Participants attend the session at Habib University on Thursday
Demographic anxiety
The fear of Muslims taking over can be seen in events such as those during which the slogan "Hum do humaray do, wo panch unke pachees" was seen trending. The slogan was started by Narendra Modi's Bharatiya Janata Part. It roughly translates into this: we are two and have two children, while they are five and have 25 children. Such movements and slogans make the demographic anxiety very clear, the anthropologist said.
It was this fear of Muslims that led to the formation of a glass ceiling for them in India, given the presence of which the community still struggles financially, Hansen said.
Majority of Muslims in India are into blue collar jobs like those of labourers and artisans, he said.
“So that the population growth slows down, if does not halt, even policing becomes more stringent for Muslims in many states. Most of the prisoners are Muslims, while at the same time custodial deaths have been an order of the day since a very long time,” he said.

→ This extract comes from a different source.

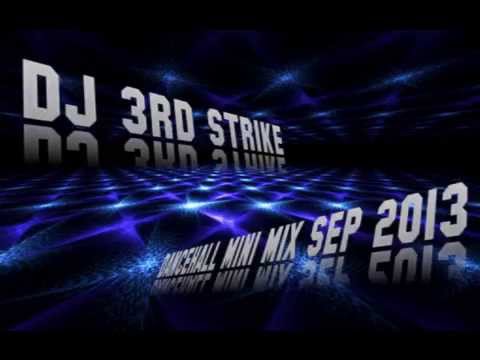 DJ 3rd Strike Dancehall mini mix Sep 2013 featuring Busy Signal, Demarco, RDX, Konshens, and  more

The decision of banning meat in some parts of the country and creating vegetarian zones, in Gujrat for instance, are what further compress from Muslims the space that has always been their home, he added.
Dalits preferred over Muslims
If one argues on the basis on education and educational institutes, saying there are universities catering to Muslim students then, according to Hansen, one should also see that the need of such segregated universities comes from the fact that other old universities have become socially unaccommodating for students to enroll in regardless of their religious backgrounds.
Hansen told the participants Muslims of India have approached the court and managed to get the status of Other Backward Class (OBC), a term used by the Indian government to describe classes that are socially and educationally disadvantaged. However, their job applications still get rejected as scheduled caste Dalits, who also comprise the OBC, are given preference.
While there are biased attitudes, there are many among the Hindu majority who have tried to fill and submit job forms for their fellow Muslim citizens, the applications get rejected, he added.
Hansen believes such issues do not exist only on the political level, they are spread beyond and below that, to the level of the public.